I was never really a fan of the Church. I think that statement says it all. I don’t patronize people/institutions who do not know how to Live (at least in my perception of how living is supposed to be) and more than that I dislike the idea of being told that I am wrong because the Bible said so. Don’t get me wrong, I love the Bible. It’s a piece of literature that actually speaks about the rise and fall of man and what we can learn from it. What I am against is how people use it as an excuse to bully, to make other people feel inferior. More than that, I abhor the fact that they use the Bible to make people feel guilty about something they do not even understand and do it so well!
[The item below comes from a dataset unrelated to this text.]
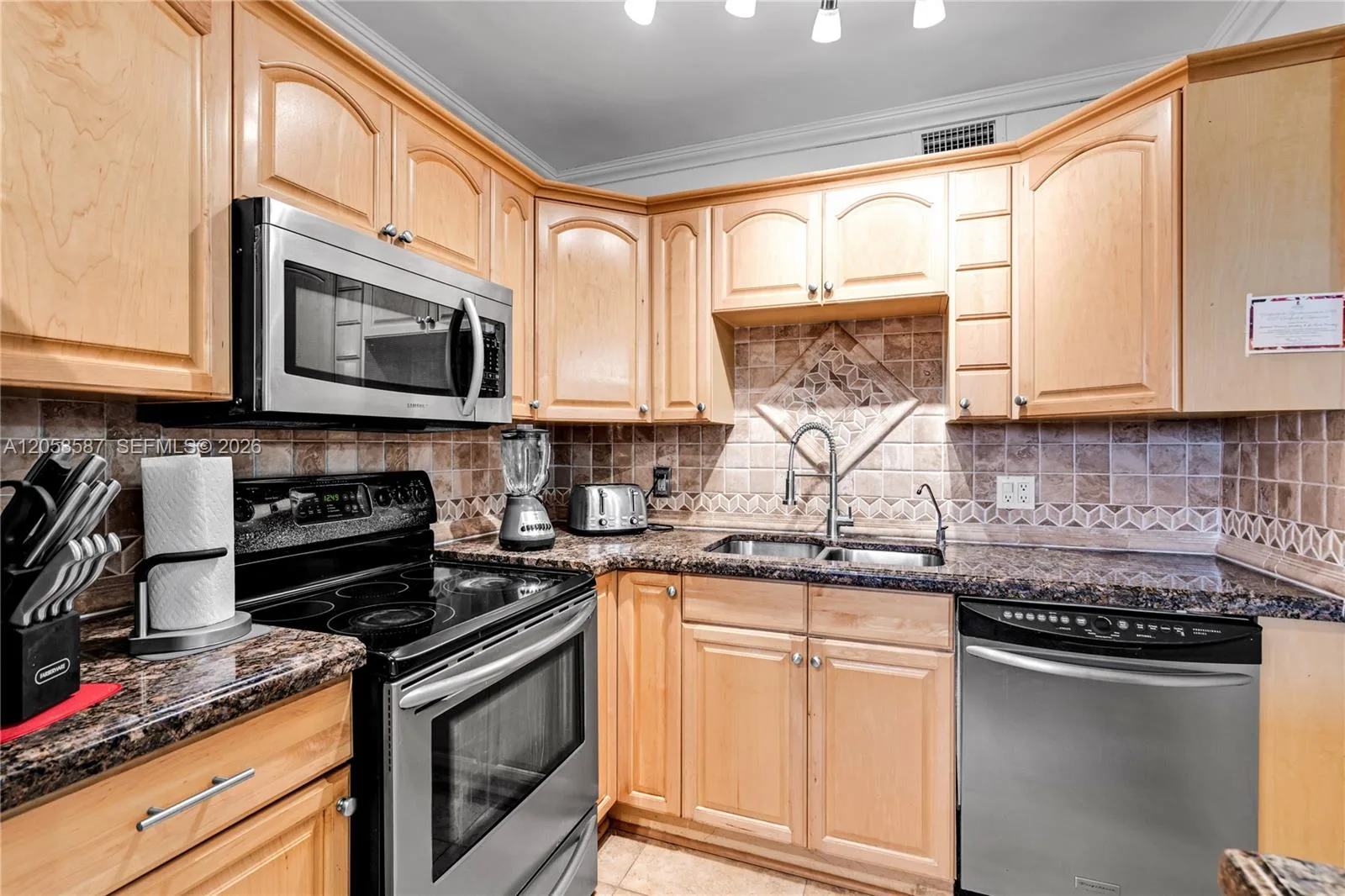 801 SW 133rd Ter # 406K, Pembroke Pines, FL 33027 photo 7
There was a time in my life when I called myself an Atheist. It’s really ironic because how can one be an Atheist without acknowledging that there is a God. There must be a concept of God first before we can fight the idea that there isn’t. Looking back, maybe I was just mad at what I heard during mass. I felt alienated at my own Church and I’ve always felt that I wasn’t welcome because I am different. People look at you the way they would look at a thief or a murderer and even they deserve to be in the presence of God. Now that I think about it, I didn’t hate God. I hated the people who preached about God because they didn’t know the essence of what God actually wants to tell us.
I’m re-reading Donald Miller’s Blue Like Jazz and I remember him saying that his first image of God the Father was his own father. And that if God was in fact the same as his father, then God would be drinking beer all night only to leave them the next day without saying a word. I guess just like Donald, we all had our fair share of God’s images. Because in truth, who has seen God in flesh?
This is why I have come to this personal belief of mine: God is in all things good.
When I look at my Daddy and think back on everything that he has done not just for our family but for other people as well, I see goodness. I see God. I see a father, a loving father. People always ask me why I believe in goodness and my answer (always my answer) is because I have experienced it. I have experienced acts of kindness and I loved it so much. I felt loved without judgment and it’s the greatest feeling in the world.
Today, I attended Bo Sanchez’s The Feast for the first time. My Kuya invited me because he knows that I have been trying to regain my spirituality. Admittedly, I was scared because I had this image inside my head that people would know that it’s my first time to attend and it would manifest based on how I act and react. When we got there I didn’t really have the time to think so I just ‘jumped’ in and enjoyed the feast.
There are two reasons why I enjoyed the Feast:
1.) The mass’ message was direct to the point.
2.) Bo Sanchez interpreted and dissected the Bible’s content and turned it into practical knowledge. Something you can apply in your everyday life.
What did I learn today then?
Here’s the no bullshit stuff and more:
1.) Choose to be good. Choose joy. Your happiness depends on you. We always have a choice! So make intelligent choices.
2.) Passion + Potential + Purpose = your formula to a successful and happy LIFE🙂
Acknowledge your strength and be the best at it. Be a Superstar. Concentrate on what you are good at and never stop aiming for your goal.
Great Sunday. Next week I am hoping to learn more from the Feast.
Cheers to a deeper sense of spirituality and to believing in goodness.